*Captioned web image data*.
== Segment start ==
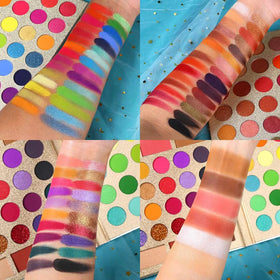 UCANBE Pretty All Set palette swatches with matte, shimmer, and glitter finishes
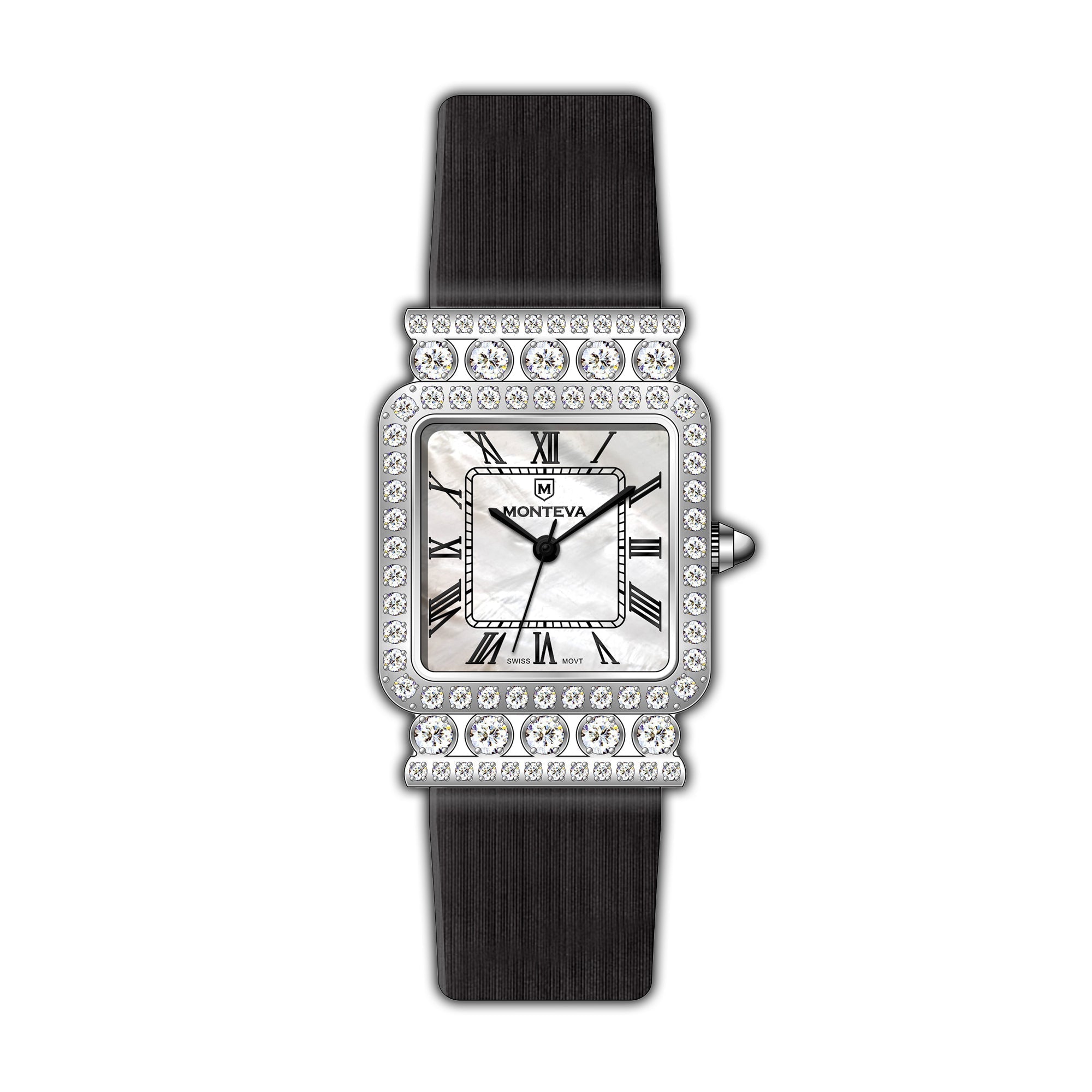Monteva Ladies Silver-Tone - Stones Bezel, MOP Roman Dial, Black Leather Strap Watch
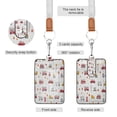 thumbnail image 2 of PU Leather Badge Holder ID Badge Holder with Lanyard for Cards & Credentials Red Fiery Awesome Patterns, 2 of 6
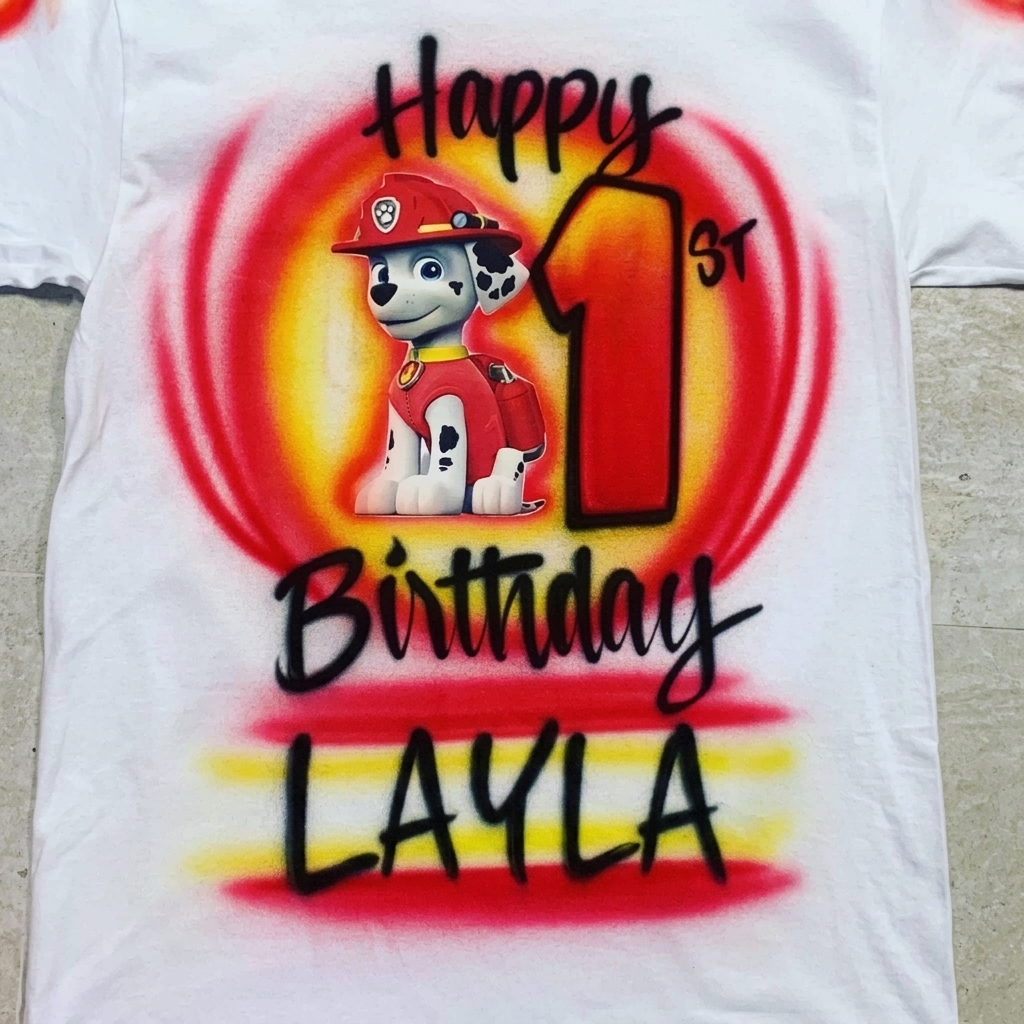 Hand-Scripted Paw Patrol - Marshall Birthday Tee — hand airbrushed custom design
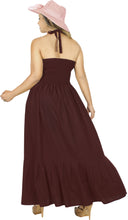 Cargar imagen en el visor de la galería, Solid Violet Halter Neck Long Maxi Dress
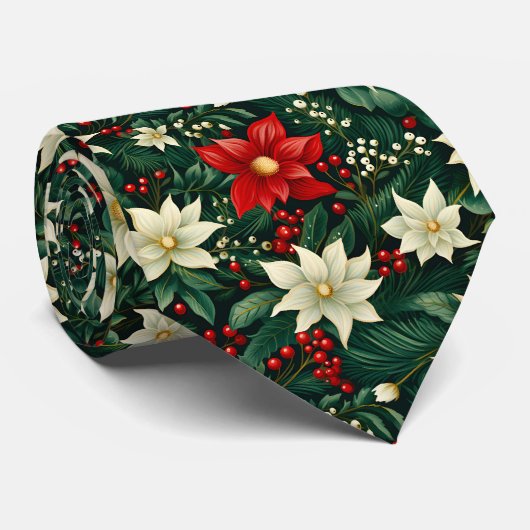 Blumenweihnachtsmuster Krawatte (Gerollt)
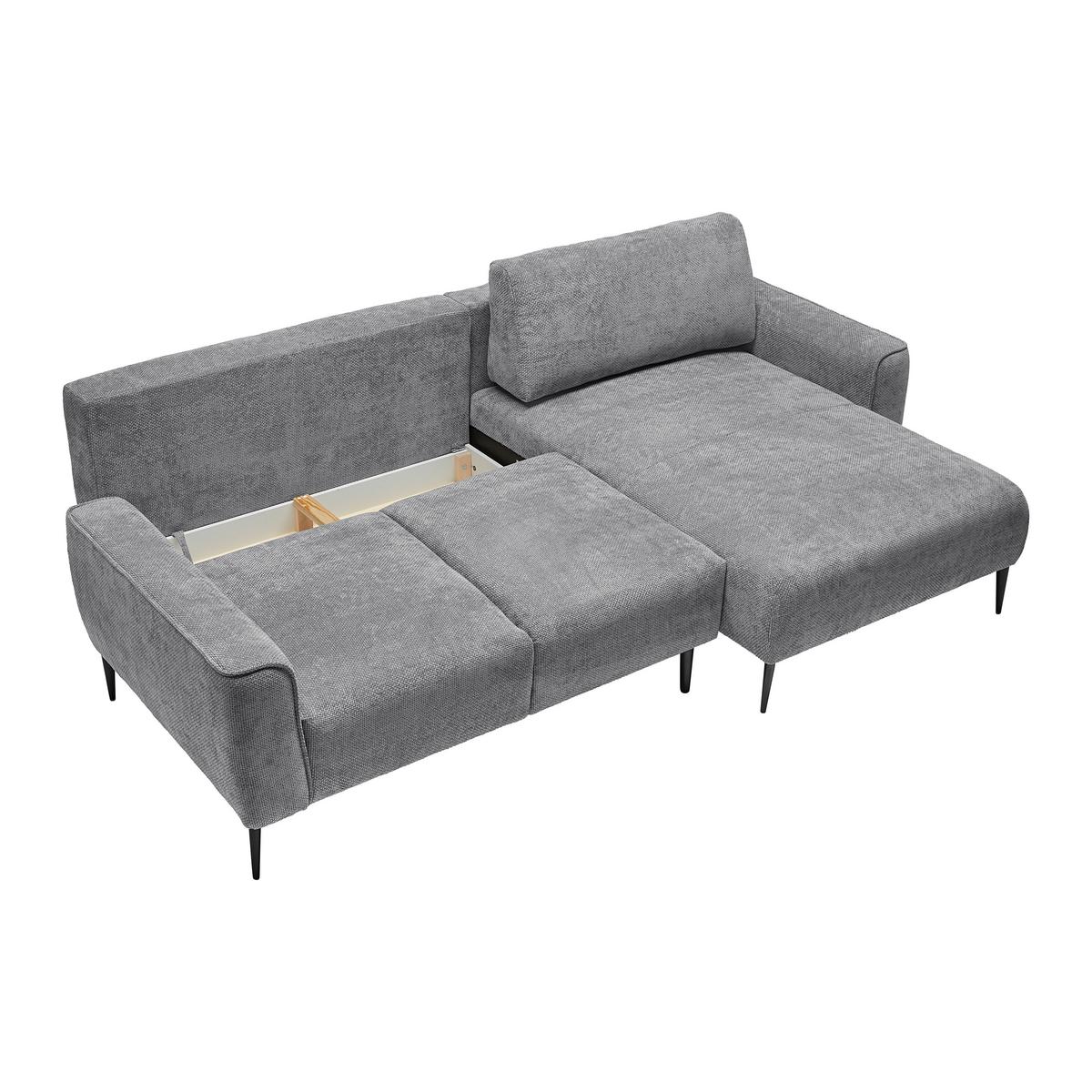 Rohová sedačka CUSTOM, pravá, šedá žinylka - šedá/černá, Moderní, kov/textil (255/164cm) - Mömax
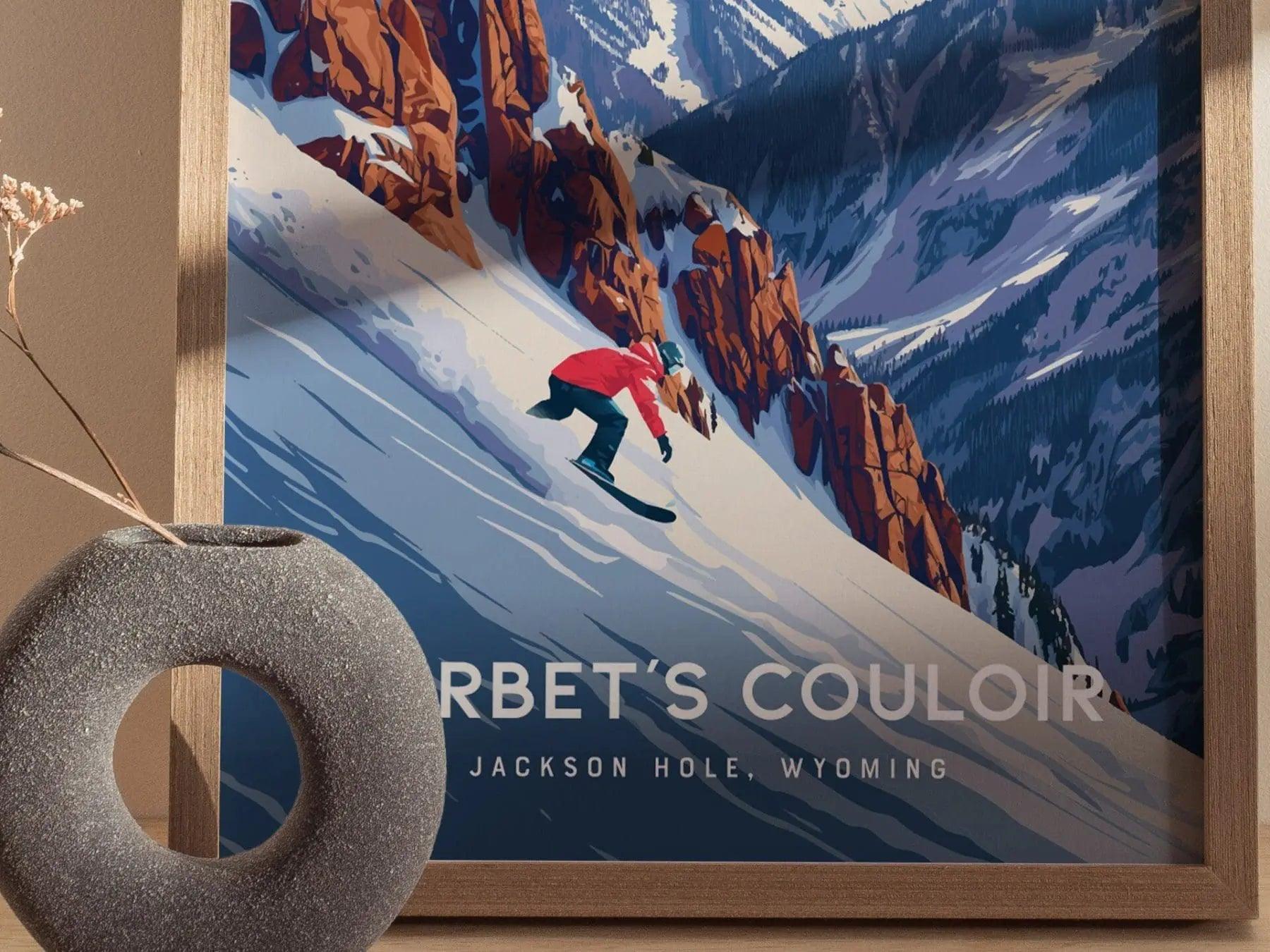 Corbet's Couloir, Snowboard Jackson Hole, Wyoming Framed Wall Art | Mountain Resort, Snowboard Poster Design Print Travel Artwork Gift Decor - Swell Scenes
== Segment end ==
*Exercise description*. Exact copy, pictures excluded: restate every record above word for word.

*The completed task*.
 UCANBE Pretty All Set palette swatches with matte, shimmer, and glitter finishes
Monteva Ladies Silver-Tone - Stones Bezel, MOP Roman Dial, Black Leather Strap Watch
 thumbnail image 2 of PU Leather Badge Holder ID Badge Holder with Lanyard for Cards & Credentials Red Fiery Awesome Patterns, 2 of 6
 Hand-Scripted Paw Patrol - Marshall Birthday Tee — hand airbrushed custom design
 Cargar imagen en el visor de la galería, Solid Violet Halter Neck Long Maxi Dress
 Blumenweihnachtsmuster Krawatte (Gerollt)
 Rohová sedačka CUSTOM, pravá, šedá žinylka - šedá/černá, Moderní, kov/textil (255/164cm) - Mömax
 Corbet's Couloir, Snowboard Jackson Hole, Wyoming Framed Wall Art | Mountain Resort, Snowboard Poster Design Print Travel Artwork Gift Decor - Swell Scenes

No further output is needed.